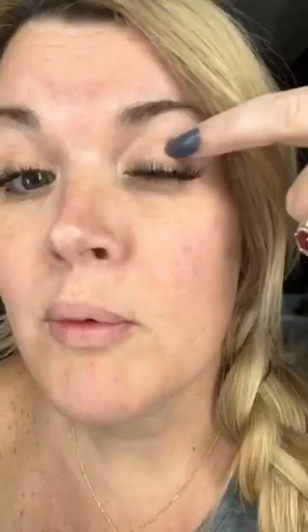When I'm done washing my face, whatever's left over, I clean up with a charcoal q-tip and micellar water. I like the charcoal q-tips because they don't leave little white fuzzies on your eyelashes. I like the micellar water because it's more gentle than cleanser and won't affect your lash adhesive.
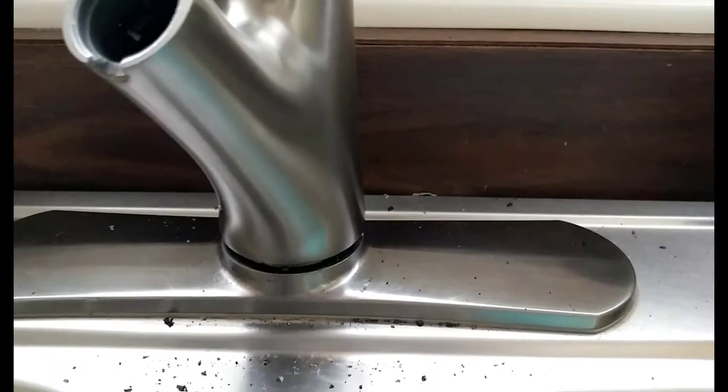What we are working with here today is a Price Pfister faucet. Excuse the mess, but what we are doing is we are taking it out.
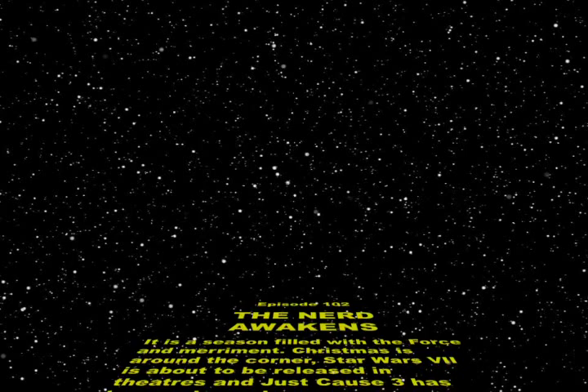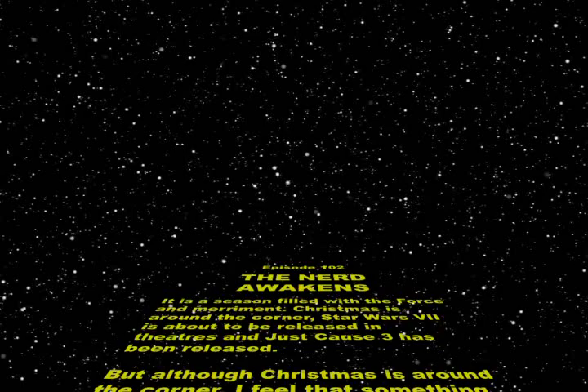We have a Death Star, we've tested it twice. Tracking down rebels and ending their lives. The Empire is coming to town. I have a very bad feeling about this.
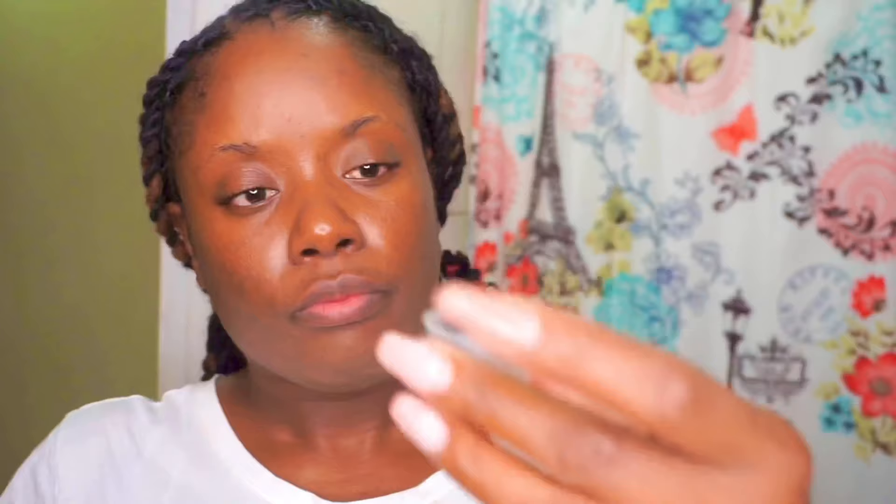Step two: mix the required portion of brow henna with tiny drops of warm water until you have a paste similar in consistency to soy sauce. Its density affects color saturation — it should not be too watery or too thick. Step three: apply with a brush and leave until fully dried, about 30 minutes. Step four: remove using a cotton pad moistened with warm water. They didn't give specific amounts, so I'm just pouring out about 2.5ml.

▬▬▬▬▬▬▬▬▬▬

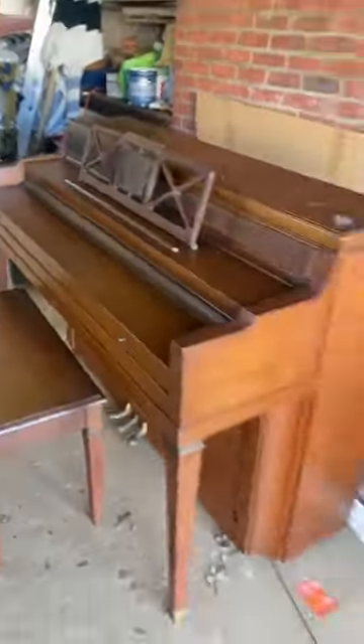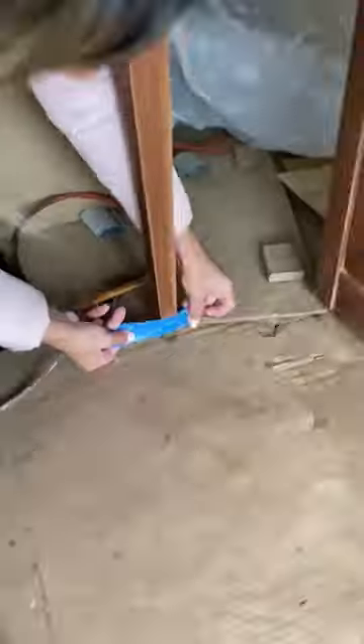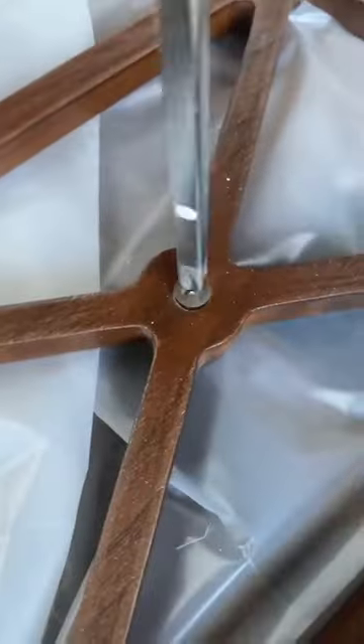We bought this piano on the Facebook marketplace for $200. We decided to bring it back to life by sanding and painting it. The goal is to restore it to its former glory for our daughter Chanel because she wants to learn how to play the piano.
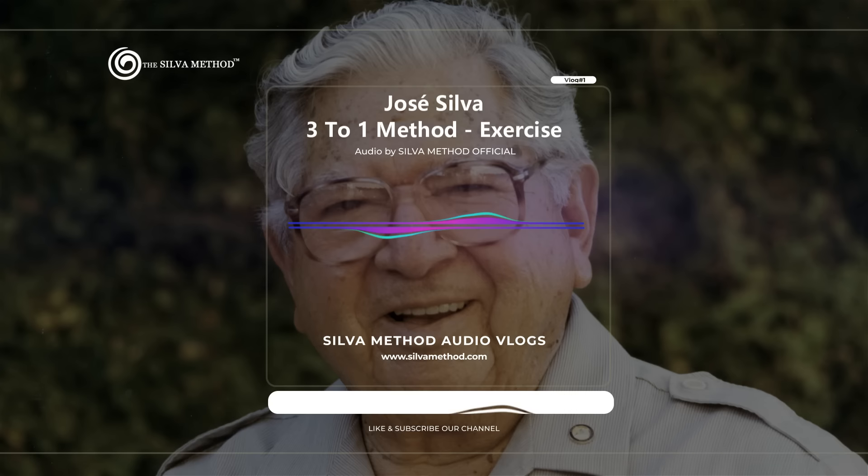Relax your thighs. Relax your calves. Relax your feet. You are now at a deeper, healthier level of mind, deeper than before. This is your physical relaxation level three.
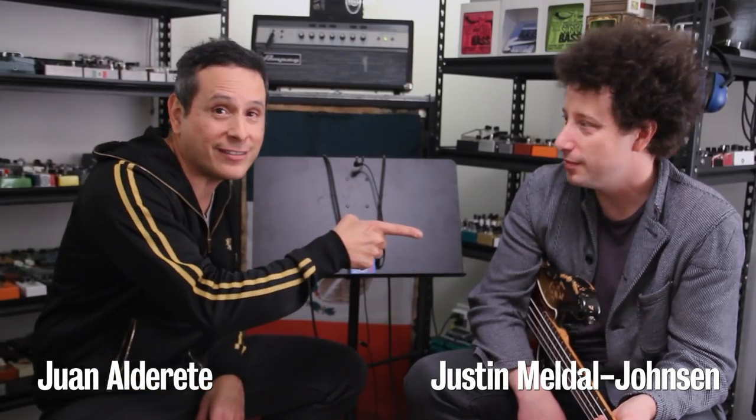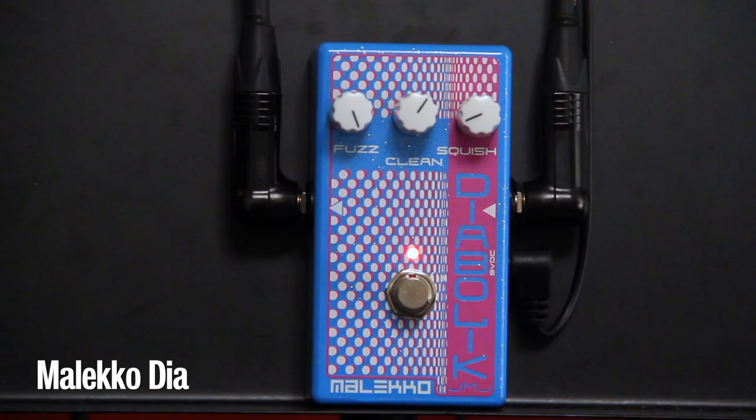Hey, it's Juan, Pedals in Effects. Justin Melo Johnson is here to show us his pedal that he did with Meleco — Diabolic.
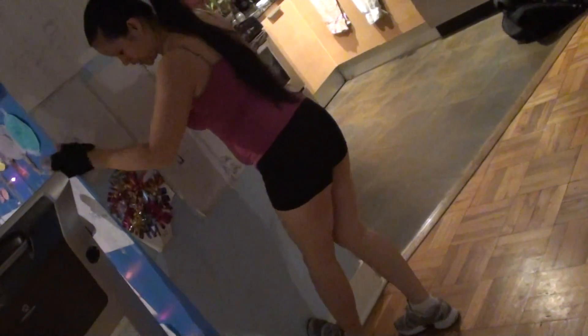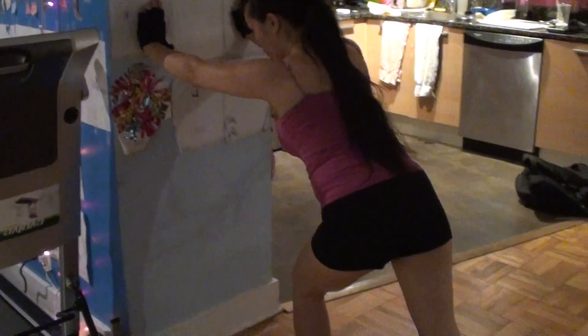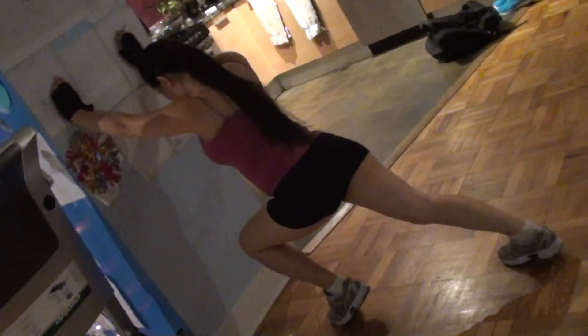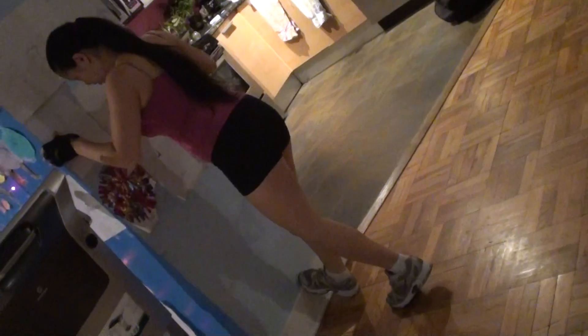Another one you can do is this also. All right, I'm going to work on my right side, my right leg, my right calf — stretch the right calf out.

▬▬▬▬▬▬▬▬▬▬

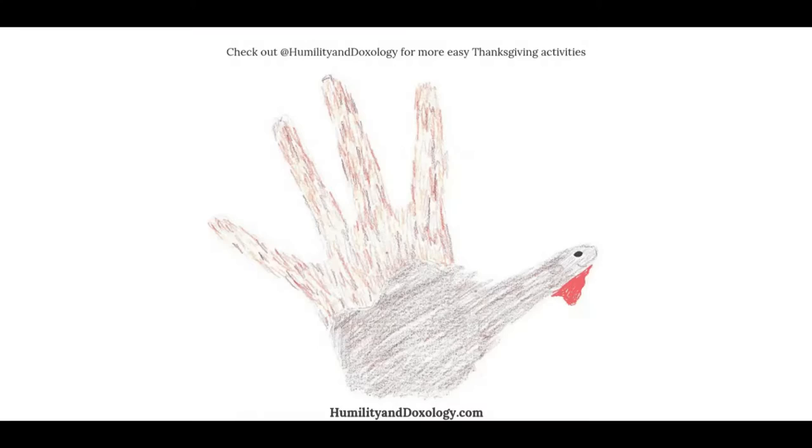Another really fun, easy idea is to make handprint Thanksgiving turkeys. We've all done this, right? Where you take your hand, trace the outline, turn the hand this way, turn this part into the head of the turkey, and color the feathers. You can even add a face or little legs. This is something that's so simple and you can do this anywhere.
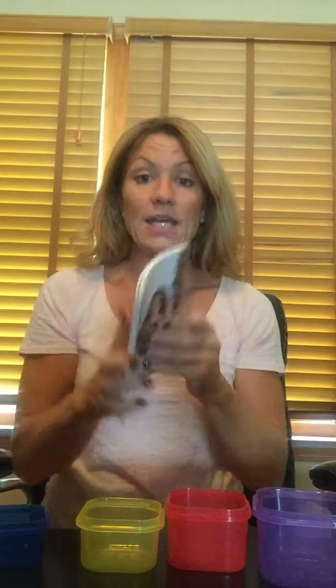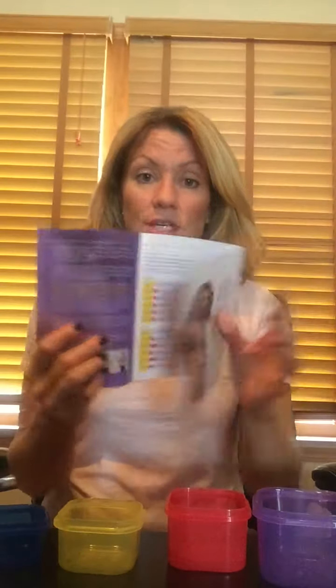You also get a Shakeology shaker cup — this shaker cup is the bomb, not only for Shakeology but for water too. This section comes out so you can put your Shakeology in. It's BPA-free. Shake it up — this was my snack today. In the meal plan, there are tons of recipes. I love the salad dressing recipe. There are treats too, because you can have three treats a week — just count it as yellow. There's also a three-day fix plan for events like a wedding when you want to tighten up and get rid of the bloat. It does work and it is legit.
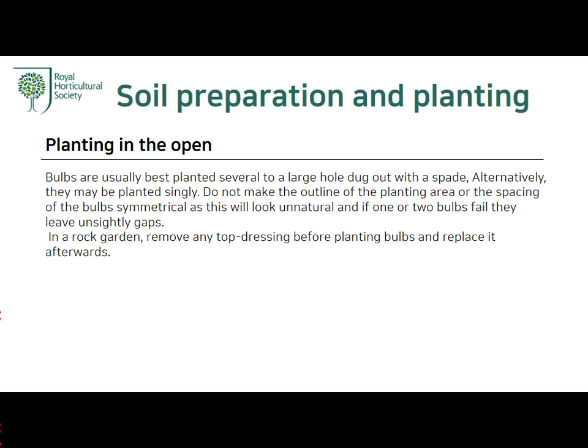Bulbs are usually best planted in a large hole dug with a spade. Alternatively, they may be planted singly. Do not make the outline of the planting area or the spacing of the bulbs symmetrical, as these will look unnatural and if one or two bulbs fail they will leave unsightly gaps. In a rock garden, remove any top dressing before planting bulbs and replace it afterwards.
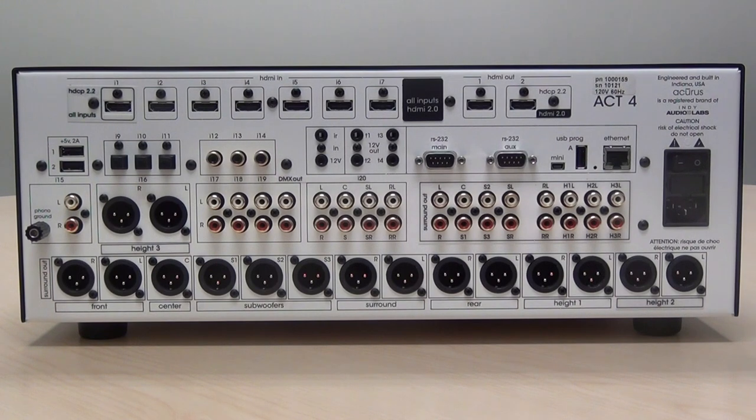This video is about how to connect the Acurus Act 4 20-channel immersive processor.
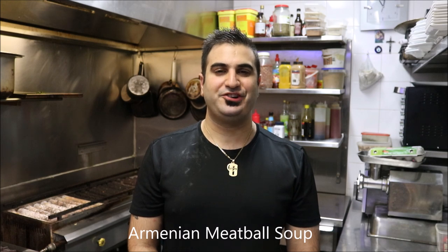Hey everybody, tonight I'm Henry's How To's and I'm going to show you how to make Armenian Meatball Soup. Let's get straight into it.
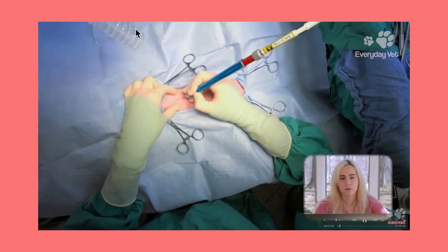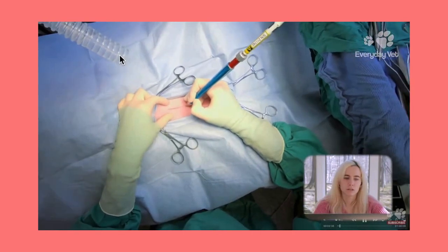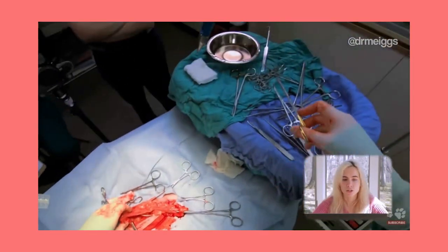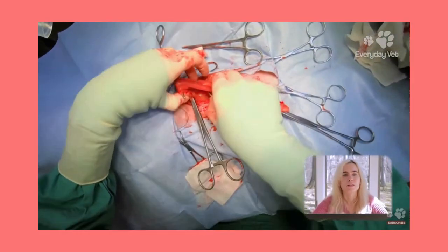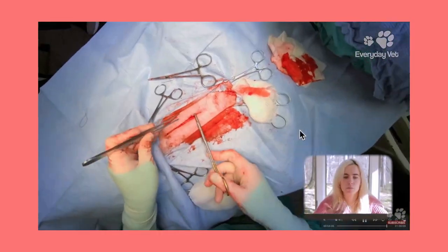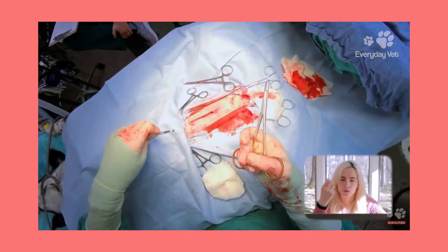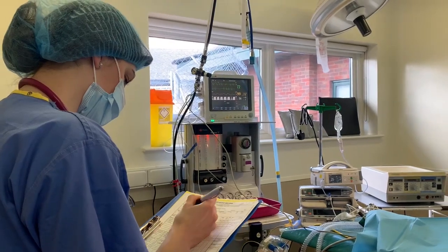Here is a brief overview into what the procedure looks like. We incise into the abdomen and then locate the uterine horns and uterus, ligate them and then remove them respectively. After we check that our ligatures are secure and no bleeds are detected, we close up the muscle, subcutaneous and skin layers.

▬▬▬▬▬▬▬▬▬▬

What this task involves>
Among the entries above, take the lines from the one with "Relax your thighs." through the one with "Another one you" and retype them exactly, leaving out the pictures.

Answer section>
Relax your thighs. Relax your calves. Relax your feet. You are now at a deeper, healthier level of mind, deeper than before. This is your physical relaxation level three.
Hey, it's Juan, Pedals in Effects. Justin Melo Johnson is here to show us his pedal that he did with Meleco — Diabolic.
Another one you can do is this also. All right, I'm going to work on my right side, my right leg, my right calf — stretch the right calf out.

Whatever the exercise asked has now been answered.